Ali, Eco trata exatamente do nominalismo pela dificuldade de identificação, de responsabilização de atos criminosos, atentatórios à estabilidade dos direitos e das liberdades humanas. Demonstra como na sistemática obscuridade tais crimes acabam ficando sem autores, posto que em verdade todos os que se sujeitam a tal regime de relacionamento humano, acabam se tornando responsáveis por todos os crimes cometidos naquele meio.
E ao situar seu monastério na Idade Média, indiretamente o também italiano Umberto Eco denuncia na Idade Média o período histórico de maior expansão do fascismo, mesmo quando o termo ainda inexistia. Com a intensão de simbolizar união para se tornar inquebrantável o que separadamente é frágil, a origem da palavra vem de fascio – feixe. Um feixe de políticos ignorados pela monarquia que na segunda década do século passado alcançaram ao poder de Roma através de Benito Mussolini.

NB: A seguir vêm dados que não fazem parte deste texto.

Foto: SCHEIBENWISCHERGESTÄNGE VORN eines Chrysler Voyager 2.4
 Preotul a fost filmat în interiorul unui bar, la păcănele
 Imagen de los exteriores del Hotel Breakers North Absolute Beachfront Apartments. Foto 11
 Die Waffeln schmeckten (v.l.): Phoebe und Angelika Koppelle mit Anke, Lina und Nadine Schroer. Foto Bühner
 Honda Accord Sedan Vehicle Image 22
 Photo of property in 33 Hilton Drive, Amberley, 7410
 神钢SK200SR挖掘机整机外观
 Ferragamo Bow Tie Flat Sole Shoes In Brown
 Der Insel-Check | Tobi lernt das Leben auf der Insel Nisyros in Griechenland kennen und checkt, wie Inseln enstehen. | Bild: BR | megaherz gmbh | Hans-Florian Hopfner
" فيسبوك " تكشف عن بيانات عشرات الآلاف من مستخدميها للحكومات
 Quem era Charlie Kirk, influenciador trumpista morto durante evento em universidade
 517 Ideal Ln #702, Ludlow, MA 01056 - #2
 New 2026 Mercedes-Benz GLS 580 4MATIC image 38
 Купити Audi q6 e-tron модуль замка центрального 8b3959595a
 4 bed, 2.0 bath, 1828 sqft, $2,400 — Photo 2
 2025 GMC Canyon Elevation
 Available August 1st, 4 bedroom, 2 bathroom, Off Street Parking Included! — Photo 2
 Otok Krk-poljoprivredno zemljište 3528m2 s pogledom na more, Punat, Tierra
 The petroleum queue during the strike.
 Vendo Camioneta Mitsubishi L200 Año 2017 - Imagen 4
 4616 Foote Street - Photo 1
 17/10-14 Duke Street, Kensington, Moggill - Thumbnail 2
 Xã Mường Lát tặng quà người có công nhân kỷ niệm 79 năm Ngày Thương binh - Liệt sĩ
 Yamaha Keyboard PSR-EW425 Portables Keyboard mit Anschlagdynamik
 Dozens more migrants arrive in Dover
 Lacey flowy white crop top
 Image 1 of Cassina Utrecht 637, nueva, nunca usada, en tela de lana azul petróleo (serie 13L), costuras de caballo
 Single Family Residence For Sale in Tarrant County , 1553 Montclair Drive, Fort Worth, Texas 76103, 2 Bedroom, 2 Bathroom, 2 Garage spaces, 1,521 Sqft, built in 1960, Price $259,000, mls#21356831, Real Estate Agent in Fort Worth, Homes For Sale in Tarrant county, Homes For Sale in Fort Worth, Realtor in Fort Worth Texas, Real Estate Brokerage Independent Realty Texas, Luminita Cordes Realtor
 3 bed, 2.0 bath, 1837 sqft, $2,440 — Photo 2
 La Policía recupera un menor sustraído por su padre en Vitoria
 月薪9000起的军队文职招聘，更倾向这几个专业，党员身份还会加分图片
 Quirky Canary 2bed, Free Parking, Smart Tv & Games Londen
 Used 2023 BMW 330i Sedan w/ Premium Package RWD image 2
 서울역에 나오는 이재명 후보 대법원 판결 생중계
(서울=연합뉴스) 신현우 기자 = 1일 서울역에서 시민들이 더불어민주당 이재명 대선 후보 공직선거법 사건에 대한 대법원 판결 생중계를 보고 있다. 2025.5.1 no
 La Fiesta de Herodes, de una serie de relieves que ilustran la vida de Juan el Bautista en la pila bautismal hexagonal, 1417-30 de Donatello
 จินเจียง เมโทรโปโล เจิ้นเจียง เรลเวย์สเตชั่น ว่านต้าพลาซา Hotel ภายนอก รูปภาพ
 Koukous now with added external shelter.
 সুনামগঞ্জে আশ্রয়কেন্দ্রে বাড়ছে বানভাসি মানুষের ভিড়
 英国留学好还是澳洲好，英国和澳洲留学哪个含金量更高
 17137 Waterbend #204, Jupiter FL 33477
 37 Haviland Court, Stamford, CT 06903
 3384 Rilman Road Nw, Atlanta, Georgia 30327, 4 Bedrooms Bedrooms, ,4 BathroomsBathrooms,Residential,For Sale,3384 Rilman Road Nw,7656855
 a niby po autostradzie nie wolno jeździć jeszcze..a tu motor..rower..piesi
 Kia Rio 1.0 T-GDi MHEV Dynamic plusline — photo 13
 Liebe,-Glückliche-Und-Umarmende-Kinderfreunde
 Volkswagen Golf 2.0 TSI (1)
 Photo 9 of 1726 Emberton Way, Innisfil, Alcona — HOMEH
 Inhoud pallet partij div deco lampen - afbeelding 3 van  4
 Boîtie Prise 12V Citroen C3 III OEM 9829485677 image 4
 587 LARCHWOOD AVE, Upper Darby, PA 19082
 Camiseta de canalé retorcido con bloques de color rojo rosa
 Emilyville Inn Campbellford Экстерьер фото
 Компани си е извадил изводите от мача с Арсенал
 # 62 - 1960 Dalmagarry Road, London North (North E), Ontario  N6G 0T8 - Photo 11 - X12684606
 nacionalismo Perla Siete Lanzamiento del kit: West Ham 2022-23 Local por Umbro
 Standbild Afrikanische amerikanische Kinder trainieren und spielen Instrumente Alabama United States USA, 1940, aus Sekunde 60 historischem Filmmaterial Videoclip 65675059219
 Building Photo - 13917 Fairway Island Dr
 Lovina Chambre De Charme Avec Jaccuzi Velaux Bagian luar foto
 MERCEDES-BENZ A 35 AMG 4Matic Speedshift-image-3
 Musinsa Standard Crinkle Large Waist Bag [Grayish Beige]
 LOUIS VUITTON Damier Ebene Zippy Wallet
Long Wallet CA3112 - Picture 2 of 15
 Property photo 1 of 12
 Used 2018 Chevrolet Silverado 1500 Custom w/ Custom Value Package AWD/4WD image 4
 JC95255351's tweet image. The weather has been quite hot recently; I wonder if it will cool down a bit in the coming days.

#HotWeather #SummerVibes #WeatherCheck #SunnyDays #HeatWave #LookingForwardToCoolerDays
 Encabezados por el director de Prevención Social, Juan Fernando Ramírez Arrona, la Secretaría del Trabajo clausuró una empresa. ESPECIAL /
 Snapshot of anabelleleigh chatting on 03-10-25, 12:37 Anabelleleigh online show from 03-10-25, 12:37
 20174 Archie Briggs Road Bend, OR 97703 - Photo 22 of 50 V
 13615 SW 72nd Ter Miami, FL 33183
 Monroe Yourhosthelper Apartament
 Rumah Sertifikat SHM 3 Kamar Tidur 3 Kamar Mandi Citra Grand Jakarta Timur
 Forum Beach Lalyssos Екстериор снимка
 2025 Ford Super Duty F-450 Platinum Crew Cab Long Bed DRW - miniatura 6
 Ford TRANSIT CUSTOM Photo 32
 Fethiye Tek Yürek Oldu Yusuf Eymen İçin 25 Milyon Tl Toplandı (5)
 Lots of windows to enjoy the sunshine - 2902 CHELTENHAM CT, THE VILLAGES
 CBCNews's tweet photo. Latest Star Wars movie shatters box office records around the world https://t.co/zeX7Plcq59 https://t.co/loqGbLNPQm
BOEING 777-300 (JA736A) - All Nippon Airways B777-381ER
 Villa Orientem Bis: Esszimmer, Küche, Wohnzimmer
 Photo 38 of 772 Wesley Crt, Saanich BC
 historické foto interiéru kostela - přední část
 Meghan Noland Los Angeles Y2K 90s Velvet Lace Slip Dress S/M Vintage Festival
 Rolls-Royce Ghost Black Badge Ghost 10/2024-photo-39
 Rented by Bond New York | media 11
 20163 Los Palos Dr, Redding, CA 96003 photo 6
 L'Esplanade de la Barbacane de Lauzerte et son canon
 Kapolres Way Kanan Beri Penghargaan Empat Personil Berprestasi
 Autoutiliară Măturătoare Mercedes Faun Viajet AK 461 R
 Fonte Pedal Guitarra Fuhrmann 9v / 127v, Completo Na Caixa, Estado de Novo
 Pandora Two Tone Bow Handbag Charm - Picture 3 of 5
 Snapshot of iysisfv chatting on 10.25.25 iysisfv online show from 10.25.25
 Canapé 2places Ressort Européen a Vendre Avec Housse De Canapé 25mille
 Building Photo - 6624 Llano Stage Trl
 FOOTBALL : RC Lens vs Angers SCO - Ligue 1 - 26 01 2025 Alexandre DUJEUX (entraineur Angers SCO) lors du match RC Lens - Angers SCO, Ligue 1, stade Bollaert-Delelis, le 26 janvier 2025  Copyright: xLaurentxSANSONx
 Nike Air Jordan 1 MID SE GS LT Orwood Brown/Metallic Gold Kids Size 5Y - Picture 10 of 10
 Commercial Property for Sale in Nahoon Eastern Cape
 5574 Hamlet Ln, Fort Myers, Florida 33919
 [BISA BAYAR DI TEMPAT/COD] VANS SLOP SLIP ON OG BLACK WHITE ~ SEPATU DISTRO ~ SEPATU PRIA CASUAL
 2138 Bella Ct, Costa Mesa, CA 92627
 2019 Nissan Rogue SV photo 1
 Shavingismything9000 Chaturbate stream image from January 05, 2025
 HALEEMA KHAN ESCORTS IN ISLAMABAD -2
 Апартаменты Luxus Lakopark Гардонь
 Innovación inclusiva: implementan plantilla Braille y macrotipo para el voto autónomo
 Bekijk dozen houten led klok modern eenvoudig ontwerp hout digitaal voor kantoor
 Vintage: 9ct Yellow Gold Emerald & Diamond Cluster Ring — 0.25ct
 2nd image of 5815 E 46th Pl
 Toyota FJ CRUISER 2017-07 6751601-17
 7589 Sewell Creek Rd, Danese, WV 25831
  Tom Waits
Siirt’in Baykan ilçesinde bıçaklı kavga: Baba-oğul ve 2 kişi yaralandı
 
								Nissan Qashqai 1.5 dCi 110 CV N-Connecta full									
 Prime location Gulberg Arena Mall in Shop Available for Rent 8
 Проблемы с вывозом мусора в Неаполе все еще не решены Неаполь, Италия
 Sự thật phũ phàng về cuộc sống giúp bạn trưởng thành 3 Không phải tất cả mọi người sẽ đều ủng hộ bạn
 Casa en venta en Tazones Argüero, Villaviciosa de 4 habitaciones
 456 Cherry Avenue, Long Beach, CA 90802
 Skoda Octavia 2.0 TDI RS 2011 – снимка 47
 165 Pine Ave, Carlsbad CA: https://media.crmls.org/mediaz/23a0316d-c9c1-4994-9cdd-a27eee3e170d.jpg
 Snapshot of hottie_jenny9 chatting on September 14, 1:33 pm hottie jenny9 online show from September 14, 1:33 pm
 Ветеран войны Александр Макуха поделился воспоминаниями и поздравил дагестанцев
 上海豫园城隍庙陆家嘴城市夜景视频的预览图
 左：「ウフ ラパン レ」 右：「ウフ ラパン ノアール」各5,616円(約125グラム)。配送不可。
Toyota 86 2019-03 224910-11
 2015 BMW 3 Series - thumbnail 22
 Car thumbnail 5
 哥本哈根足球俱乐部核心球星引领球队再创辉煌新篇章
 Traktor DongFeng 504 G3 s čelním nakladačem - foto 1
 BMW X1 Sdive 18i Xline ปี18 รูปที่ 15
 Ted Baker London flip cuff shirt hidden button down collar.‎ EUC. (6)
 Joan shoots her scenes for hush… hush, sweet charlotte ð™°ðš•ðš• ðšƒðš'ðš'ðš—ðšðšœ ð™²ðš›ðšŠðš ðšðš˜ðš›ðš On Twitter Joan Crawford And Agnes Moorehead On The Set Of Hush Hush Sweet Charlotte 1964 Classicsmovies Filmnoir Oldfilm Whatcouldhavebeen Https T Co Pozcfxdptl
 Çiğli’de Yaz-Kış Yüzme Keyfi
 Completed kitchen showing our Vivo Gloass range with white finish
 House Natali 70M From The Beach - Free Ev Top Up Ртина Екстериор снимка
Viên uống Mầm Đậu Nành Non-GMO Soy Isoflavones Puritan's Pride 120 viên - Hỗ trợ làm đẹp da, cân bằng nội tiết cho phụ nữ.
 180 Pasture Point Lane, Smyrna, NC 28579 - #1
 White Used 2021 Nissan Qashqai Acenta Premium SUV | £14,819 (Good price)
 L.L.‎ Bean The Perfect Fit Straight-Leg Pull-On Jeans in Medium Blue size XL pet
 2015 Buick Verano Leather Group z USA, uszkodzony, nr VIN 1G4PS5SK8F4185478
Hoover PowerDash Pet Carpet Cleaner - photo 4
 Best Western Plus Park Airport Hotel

O ideal do grupo, ou do “feixe” de Mussolini, era o de distinguir-se dos demais cidadãos de seu país não pela contraposição de ideias ou pela discussão de opiniões e diferenças de pontos de vista, mas apenas pela imposição do que se acreditavam prevalecidos através de seus conceitos de nação e raça.
Bem… Como todo mundo sabe, da Itália o fascismo foi para a Espanha do Generalíssimo Franco e depois, na Alemanha, adotou o nome de nazismo. Perpetuando-se, se expande pelo mundo, mas se Mussolini o instituiu como sistema político no século 20, na verdade o fascismo é ancestral – ou melhor seria, primal? – e muito anterior ao período medieval. Mas o que evidencia as décadas 1920 à 1940 apenas um breve exemplo do que se constituíram todos os séculos da Idade Média, é o obscurantismo daquela era. O obscurantismo é a característica substancial e inerente a uma sociedade fascista.
Como a postura política de Mussolini e Hitler, os principais líderes do fascismo, era de extrema direita, por muito tempo se compreendeu os ideais fascistas como exclusivamente de direita, mas diversos exemplos de governos que se autoproclamavam como comunistas acabaram justificando a indicação de “fascismo de esquerda”.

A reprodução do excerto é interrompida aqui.